How to harness self-interest in service of improving story structure (A Throwback Post)

One of the hardest things to get my students to do is to work in the inverted pyramid. I don’t think I’m alone in this, given a) most of the stories they’ve read over the years are chronological instead of driven by descending order of importance and b) most of them tend to write expansive term papers for other classes, in which the focus is predetermined and being lengthy is rewarded.

To get them better focused, I often leverage the concept of self-interest: “Instead of thinking about what you, the writer, wants to tell me, the reader, consider thinking about what you would want to know most if you were reading this and then write it in a way that would best meet those needs.”

Sometimes, like this week, we have to go even more basic than that, which brings me to this week’s throwback post about our fire brief exercise. It’s amazing how quickly their viewpoint shifts when I have them thinking about their home being on fire instead of writing about a fire that happened elsewhere. I hope this will help you help your students find focus as well.

 


The Self-Interest Gap: Learning how to care less about what you want to write and more about what the audience wants to know

Self-interest is perhaps the one commonality humans share these days and it can be summed up in a simple question: “What’s in it for me?”

When you are on the “receiver” end of the process, it’s something we understand very easily. We know almost instinctively what is of value to us and what we care about right away. That said, when we put on the “sender” hat, we tend to focus more on what we want to tell people, forgetting that those people have their own set of interests we should be focused on.

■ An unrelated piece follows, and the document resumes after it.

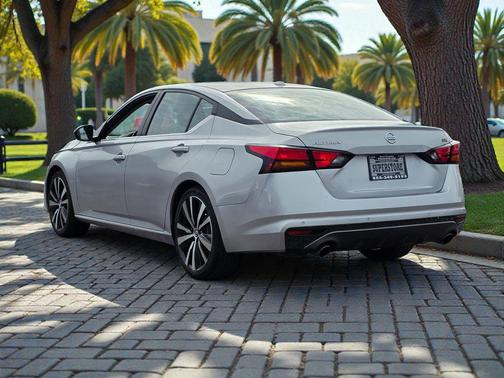 2020 Nissan Altima SR FWD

Case in point, I asked the students to write a brief based on a press release about a fire. Here are the opening lines of a few of those briefs:

  • Firefighters responded to an engulfed single-story house shortly after 6 p.m. Sunday…
  • Boone County Firefighters responded to a call of a Sturgeon house fire…
  • Sunday evening, Boone County Firefighters responded to a call at 6pm on an electrical house fire…
  • A structure fire occurred at 520 S. Ogden in Sturgeon on the evening of Sunday…
  • Boone County Firefighters responded to a home engulfed in black smoke…

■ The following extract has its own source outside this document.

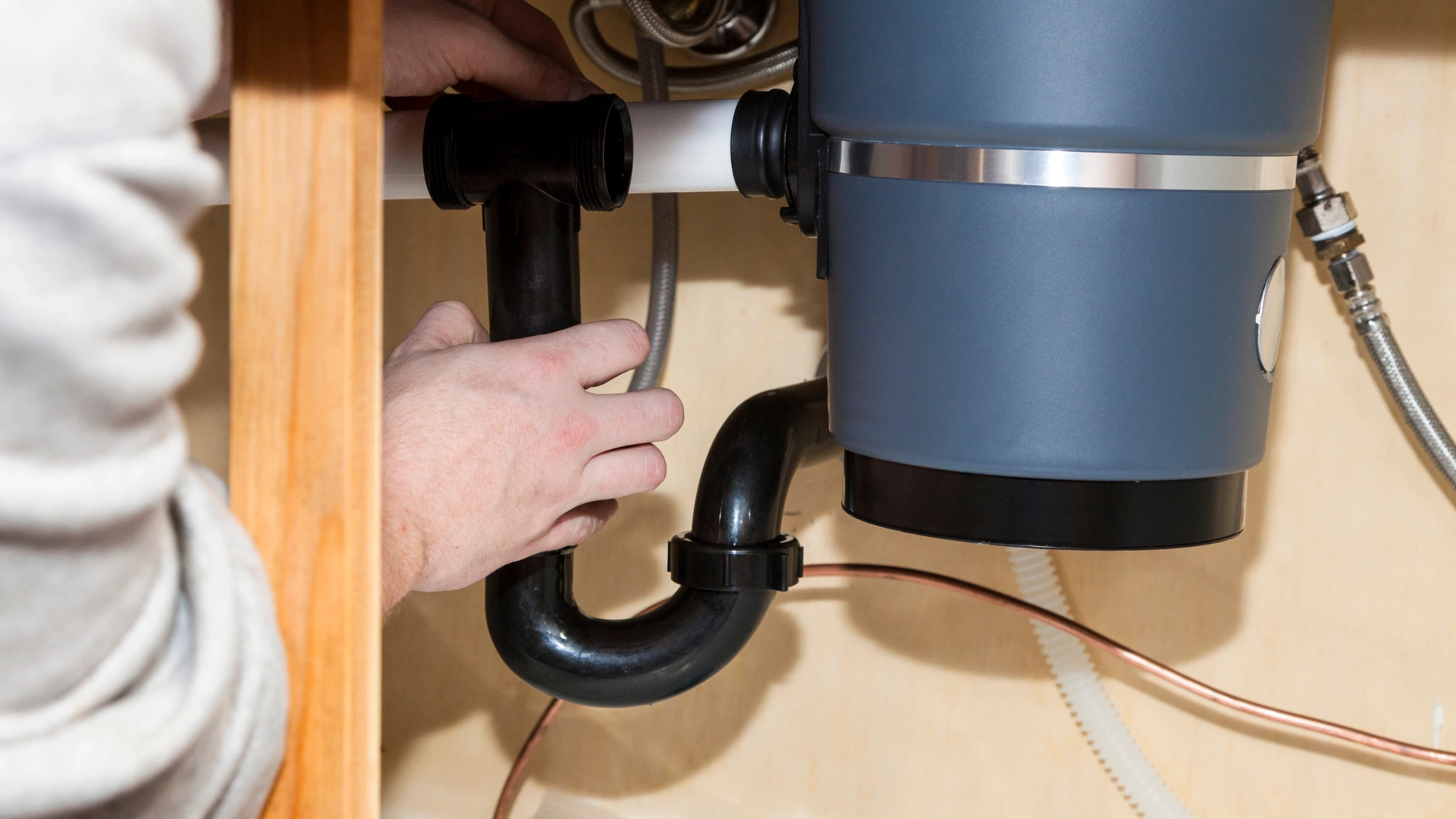 Garbage disposal repair & installation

What we learn essentially in these things is either:

  1. Firefighters responded to a fire.
  2. A fire occurred somewhere.

If you were on the “receiver” end of the information, how much of this stuff would you care about? Of course the firefighters responded to the fire. That’s what they do. Also, fires occur everywhere from giant farm fields to the burn barrel in my yard. However, as a “sender” we tend to ignore that until we are forced to switch perspectives.

In thinking about this issue, I posed a question to the students meant to tap into that idea of self-interest: “Let’s say you get home after class and your roommate says, ‘Hey, your mom was trying to reach you. There was a fire at your house…’ What would be the first thing you would want to know?

Answers came quickly and easily:

  1. Is everyone OK?
  2. How bad was the fire?
  3. What happened out there?

In this case, a good response might be:

“The fire destroyed the house, but nobody got hurt.”

That’s the core of a good lead, with a strong focus on what matters most (big ticket item) and what people cared about most (answer to the first two sentences). When it’s your mom or your house, you have specific interests that a good source of information will attend to. If you can take that perspective and play on the audience’s self-interest, you can have a much sharper focus when it comes to telling the story directly and clearly.